・大島さん(写真左) 小学校の頃から経営者を目指す。中学・高校ではビジネス、哲学、社会学の本を読みあさる生活を送る。大学時代は大学の教育システムに意味を見出せず、二年生からはほぼ通わずに大学外での活動を行う。その中でドバイの企業のCSR事業として、1500万円の資金を運用しながら財団法人の代表を務める。しかしある日契約書のミスにより借金を背負う。借金に苦しみながらも、「君には未来があるから頑張りなさい」と某有名会社の創業者から資金を得て返済をする。サイバーエージェントのVC での経験を経て、大学時代に感じていた非効率な大学のシステムを変えるべく、”これからの学歴をデザインする”というミッションのもと、インフラトップを設立しCEOを担う。現在リクルートのIT戦略室と株式会社インフラトップCEOの二足のわらじをこなす。
ーー大島さんの大学時代について教えて下さい
大島:小学生の頃から経営者を目指していて、大学1年の時は経営者の方にとにかくたくさん会って、意識高い系(笑)を極めていました。大学2年のときに「そろそろ意識高い系(笑)ではなくて意識が高い人間になろう!」と一度目の起業をしました。復興関係のプロジェクトを扱う財団法人です。その時には1500万のスポンサーを得て活動をしておりました。といいますのも、大学の2年の時に麻布の知り合いのお店でご飯を食べていたら、たまたま隣に座っていた人が会社経営をしている人で、なんだか話が弾んで仲良くなりまして。その方は、ドバイを本拠地に展開している会社のファウンダーだったのですが、日本でのCSR活動(ドバイでは慈善事業が必須らしく)に頭を悩ませていました。そこで自分が「それなら私がやりましょうか?」と言って始めたんです。その方から1500万円、その他にも大手やベンチャーからの資金を得て復興関連のプロジェクトに取り組んでいました。大企業の役員の方々や国会議員、市議会議員の方々を巻き込んで立ち上げました。その財団法人を運営していた時に契約書のミスで300万円の借金を半年ぐらい背負っていた時期もありました(笑)。ある企業からの入金が300万円ある予定だったのですが、その会社の業績の関係と契約書の関係で入金されなかったんですよね。その頃は大学3年生だったので、キャッシュのことは全く分からなくて、とても苦しい時期でしたね。もう会社なんて絶対にやらないでいようと心に決めた気がします。笑。そんな苦しい時にも助けてくれる人はいるもので、とある有名創業者の方に「君には未来があるから頑張りなさい!」と言ってくださって助けてもらいました。

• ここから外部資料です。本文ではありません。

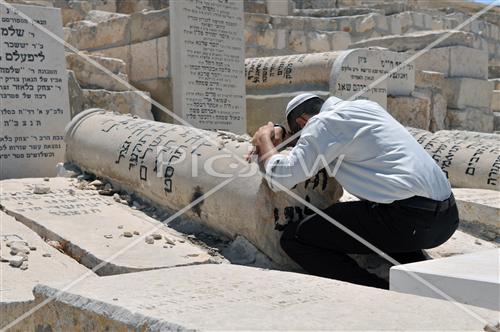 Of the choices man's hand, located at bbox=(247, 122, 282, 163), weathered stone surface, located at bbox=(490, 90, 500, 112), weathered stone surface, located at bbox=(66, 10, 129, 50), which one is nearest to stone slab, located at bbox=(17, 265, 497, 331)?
man's hand, located at bbox=(247, 122, 282, 163)

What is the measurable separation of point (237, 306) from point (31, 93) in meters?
3.80

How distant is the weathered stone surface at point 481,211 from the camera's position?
15.1ft

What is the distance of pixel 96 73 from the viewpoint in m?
6.86

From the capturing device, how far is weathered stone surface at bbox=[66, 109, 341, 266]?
338 centimetres

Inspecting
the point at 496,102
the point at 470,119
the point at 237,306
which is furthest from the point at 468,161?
the point at 496,102

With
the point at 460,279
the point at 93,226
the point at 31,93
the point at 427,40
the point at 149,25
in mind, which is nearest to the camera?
the point at 460,279

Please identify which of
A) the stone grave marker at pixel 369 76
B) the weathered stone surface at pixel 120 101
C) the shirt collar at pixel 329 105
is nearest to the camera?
the shirt collar at pixel 329 105

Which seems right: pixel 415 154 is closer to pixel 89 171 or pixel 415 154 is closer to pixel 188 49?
pixel 89 171

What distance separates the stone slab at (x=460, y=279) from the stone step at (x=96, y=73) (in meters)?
5.13

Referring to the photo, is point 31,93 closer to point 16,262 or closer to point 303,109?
point 16,262

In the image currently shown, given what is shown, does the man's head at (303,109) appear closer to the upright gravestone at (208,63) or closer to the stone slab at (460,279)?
the stone slab at (460,279)

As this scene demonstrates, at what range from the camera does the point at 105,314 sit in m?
2.02

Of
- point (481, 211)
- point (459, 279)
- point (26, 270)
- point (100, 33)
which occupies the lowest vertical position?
point (481, 211)

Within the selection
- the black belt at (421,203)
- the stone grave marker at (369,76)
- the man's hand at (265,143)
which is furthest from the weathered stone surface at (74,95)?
the black belt at (421,203) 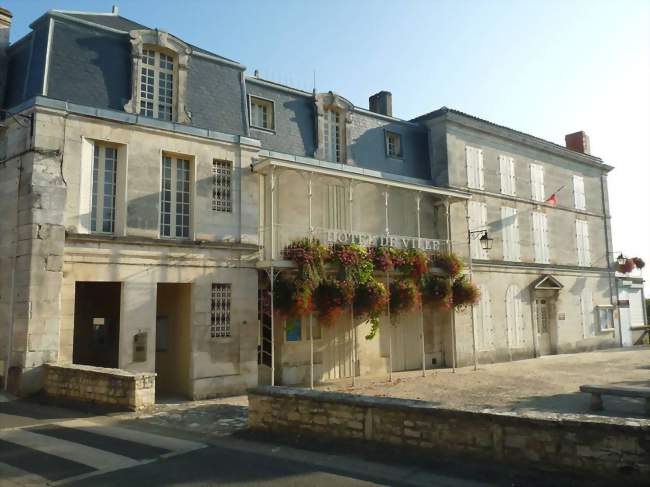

ーー田中さんは二度大学に入られているのですが、それまでの経緯を教えてください。
田中:自分は昔から我が道を行くタイプで(笑)。基本的に成長欲求が強くて、そのとき意欲の向くことに没頭する形で生きてました。一度目の大学は家庭の事情により辞めたのですが、経済的な困難やレールを外れた感覚はいい経験だったなと思います。 二度目に入学した時は自費で、今まで身につけてきたものの中で何が一番社会に受けるのかなと考えながら、アカデミックな研究職を想定してました。理系の学部ながら哲学や文学など色々なジャンルのゼミに参加していたのですが、先輩にあたるプログラマーの方に会って、この業界がすごく賑わっていて在野でも優秀な人たちがいることを知り、活動していくようになりました。 在学中に8名で起業して、生活していける自信がついていたので大学はそのタイミングで辞めてしまいましたね。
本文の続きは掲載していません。